> _ACTIVITY_: All that is wanted is the lines from the first line of the listing below through the line containing "Part 1 | Kittens", written out exactly with pictures left out.

> _DATASET SECTION_:
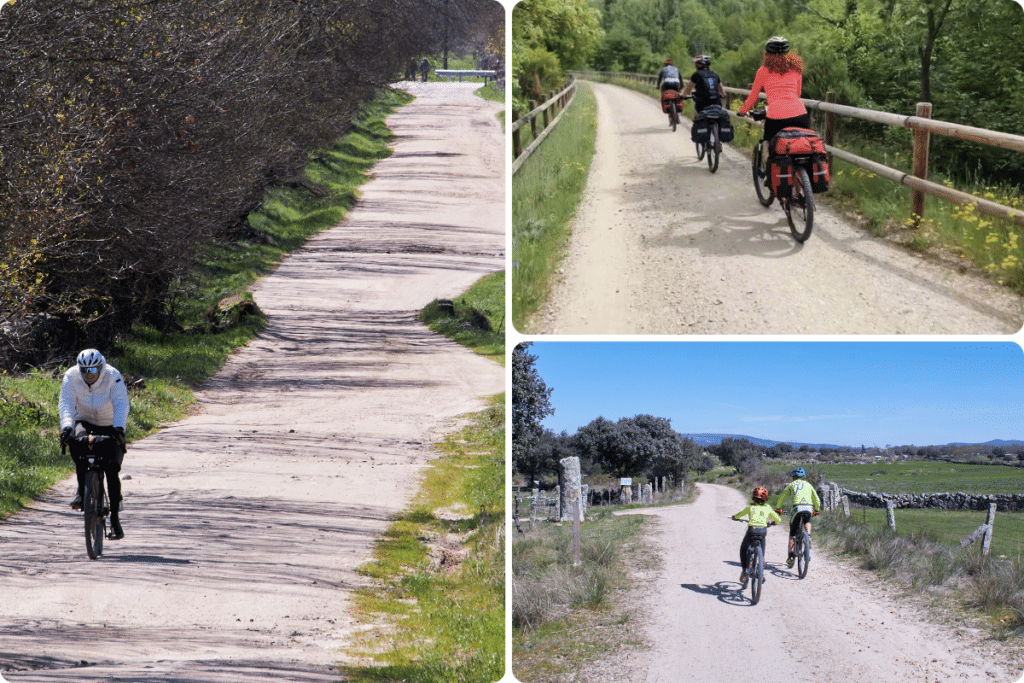 Un collage de tres imágenes muestra a personas montando en bicicleta por pintorescos caminos rurales de tierra: un ciclista va solo, dos adultos pedalean con un niño y un grupo de tres personas pedalea junto a la vegetación y las vallas de madera.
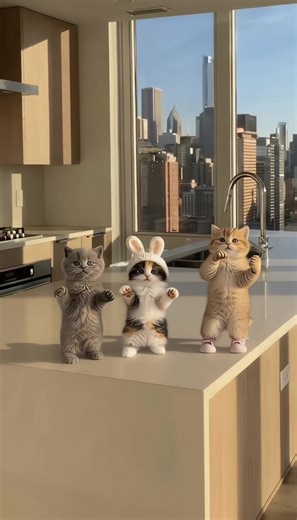 Part 1 | Kittens do viral dance on the table 😻🔥 #fyp #kittens #viraldance #kitchen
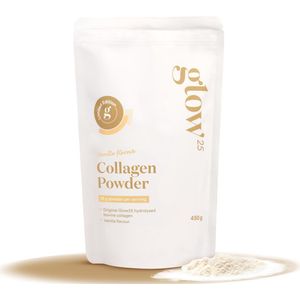 Glow25® collageen poeder vanille [450g] | het origineel | premium collageen hydrolysaat | peptide type 1 en 3 | perfecte oplosbaarheid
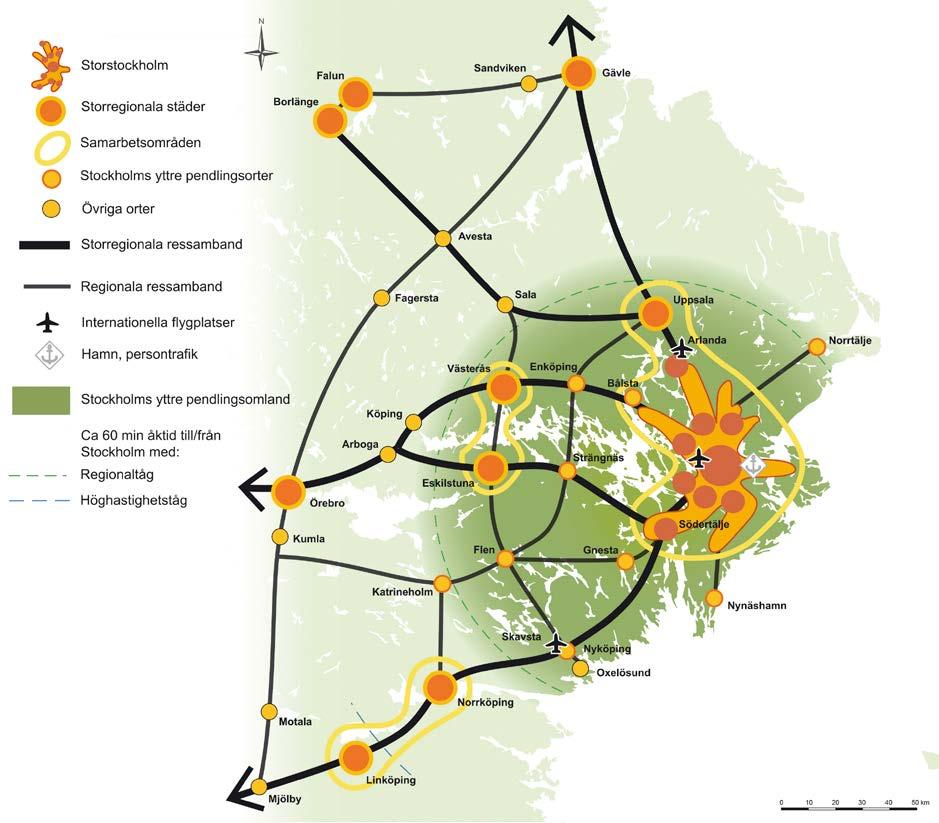 3. Planeringsförutsättningar Figur 1 Storregional ortstruktur i östra Mellansverige Utbildningsnivån på Södertörn är lika hög som genomsnittet i Sverige.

> _OUTPUT_:
 Un collage de tres imágenes muestra a personas montando en bicicleta por pintorescos caminos rurales de tierra: un ciclista va solo, dos adultos pedalean con un niño y un grupo de tres personas pedalea junto a la vegetación y las vallas de madera.
 Part 1 | Kittens do viral dance on the table 😻🔥 #fyp #kittens #viraldance #kitchen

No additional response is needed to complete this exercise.